--- Records for the task ---

---+---

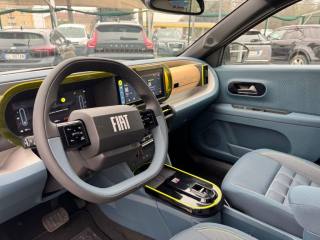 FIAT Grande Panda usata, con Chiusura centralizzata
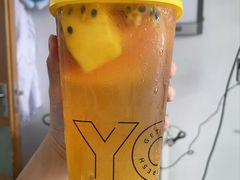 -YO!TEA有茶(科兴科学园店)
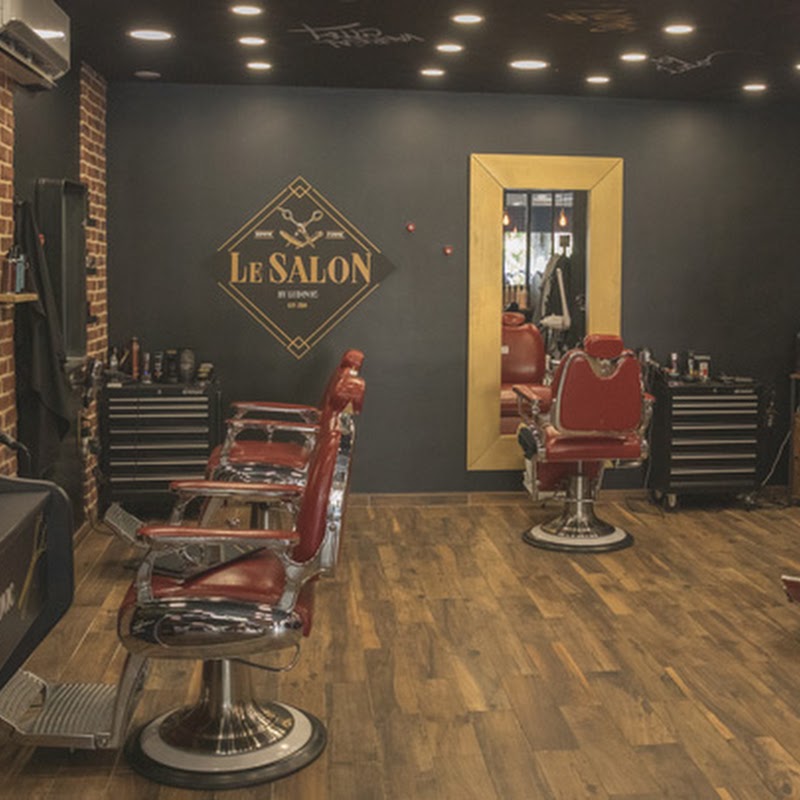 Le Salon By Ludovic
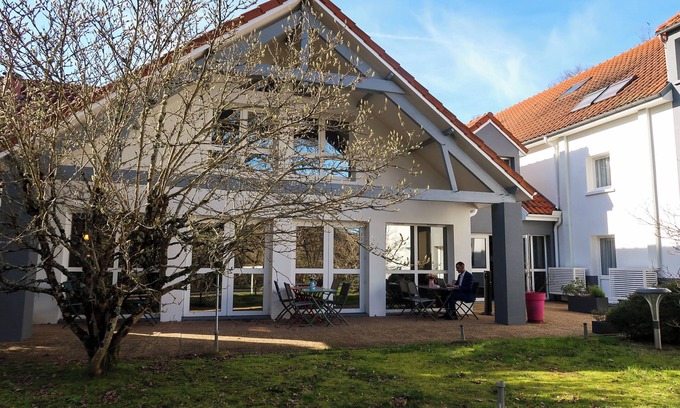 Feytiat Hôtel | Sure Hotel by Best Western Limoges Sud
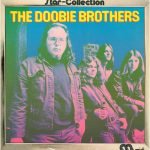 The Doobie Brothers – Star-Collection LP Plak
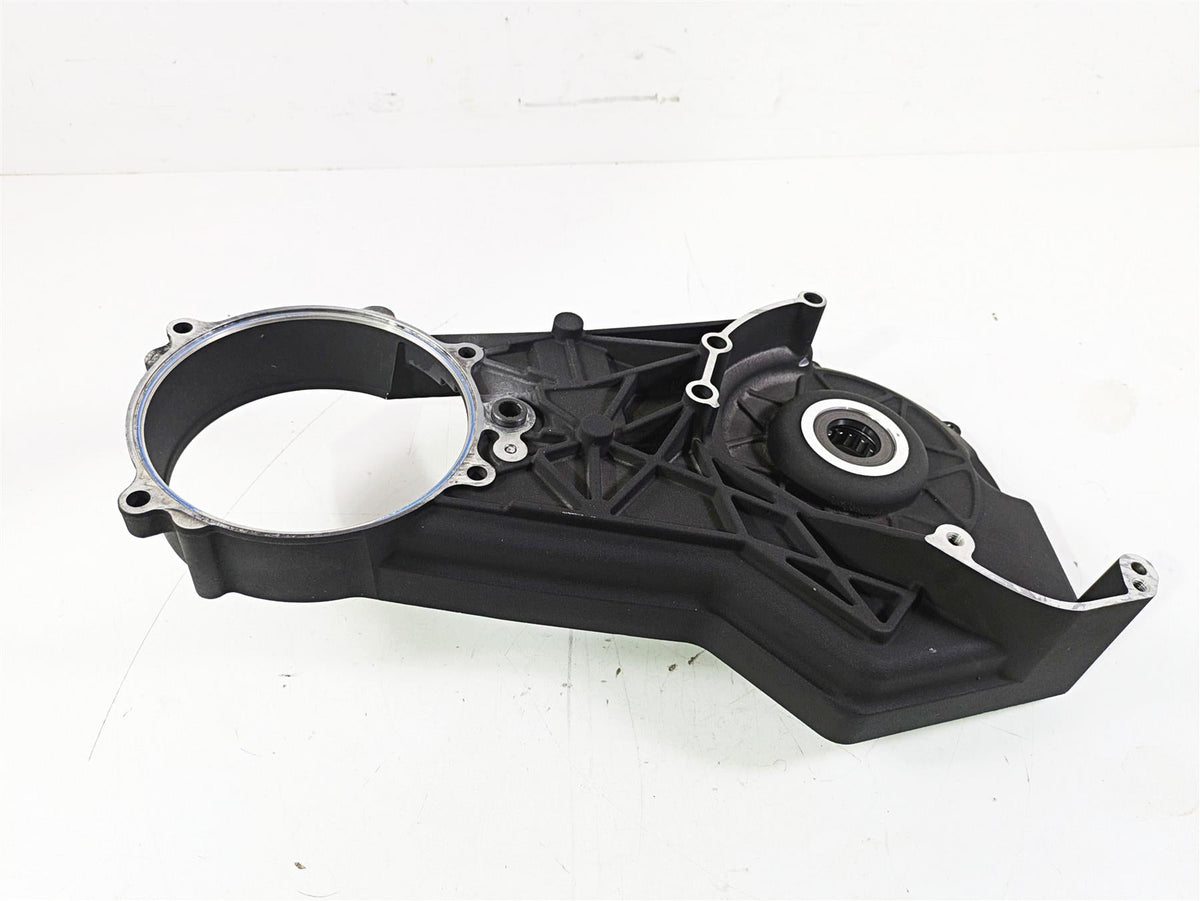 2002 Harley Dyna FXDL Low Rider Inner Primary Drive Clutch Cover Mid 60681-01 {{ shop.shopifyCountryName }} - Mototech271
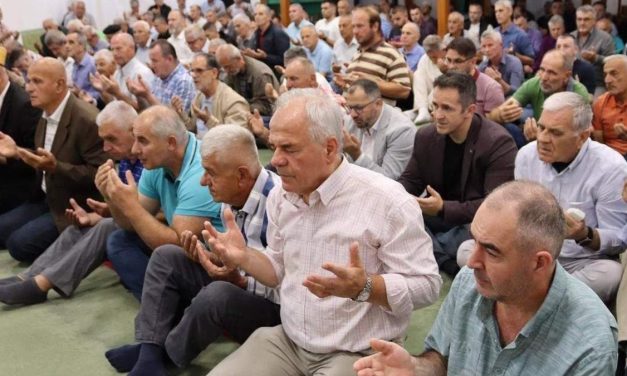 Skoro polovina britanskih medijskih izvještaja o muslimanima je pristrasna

---+---

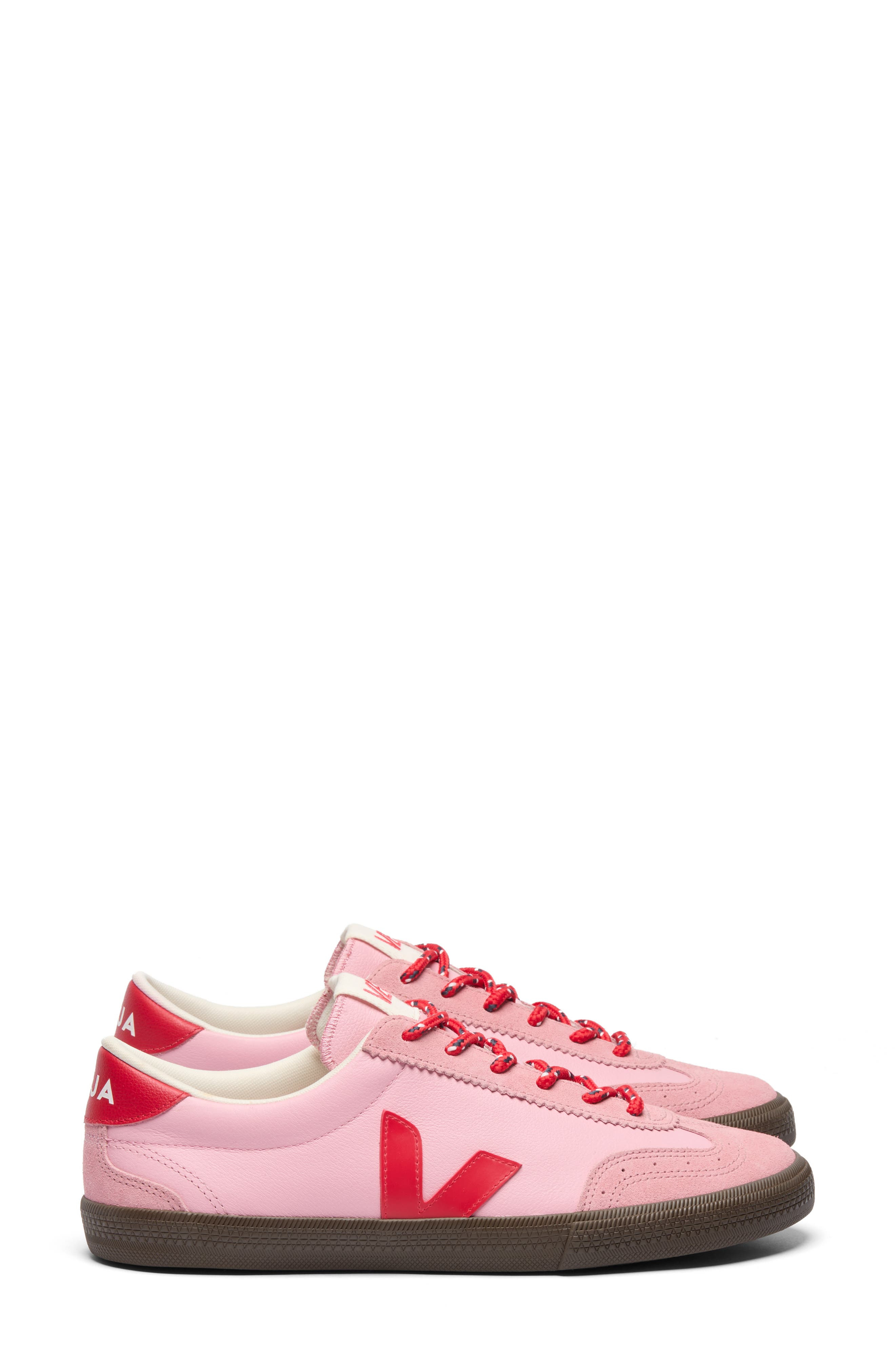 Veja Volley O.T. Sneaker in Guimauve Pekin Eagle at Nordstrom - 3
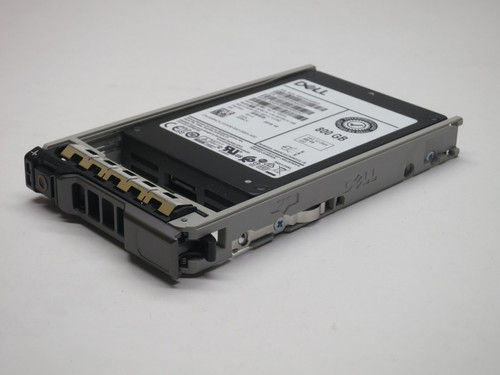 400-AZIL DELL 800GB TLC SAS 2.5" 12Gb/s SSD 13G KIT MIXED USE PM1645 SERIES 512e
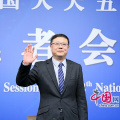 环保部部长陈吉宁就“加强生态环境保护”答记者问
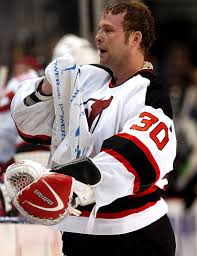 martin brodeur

---+---

--- Task to carry out ---
What are the lines above from the one with "FIAT Grande Panda" to the one with "Skoro polovina britanskih", both included? Reproduce them exactly, without pictures.

--- Task response ---
 FIAT Grande Panda usata, con Chiusura centralizzata
 -YO!TEA有茶(科兴科学园店)
 Le Salon By Ludovic
 Feytiat Hôtel | Sure Hotel by Best Western Limoges Sud
 The Doobie Brothers – Star-Collection LP Plak
 2002 Harley Dyna FXDL Low Rider Inner Primary Drive Clutch Cover Mid 60681-01 {{ shop.shopifyCountryName }} - Mototech271
 Skoro polovina britanskih medijskih izvještaja o muslimanima je pristrasna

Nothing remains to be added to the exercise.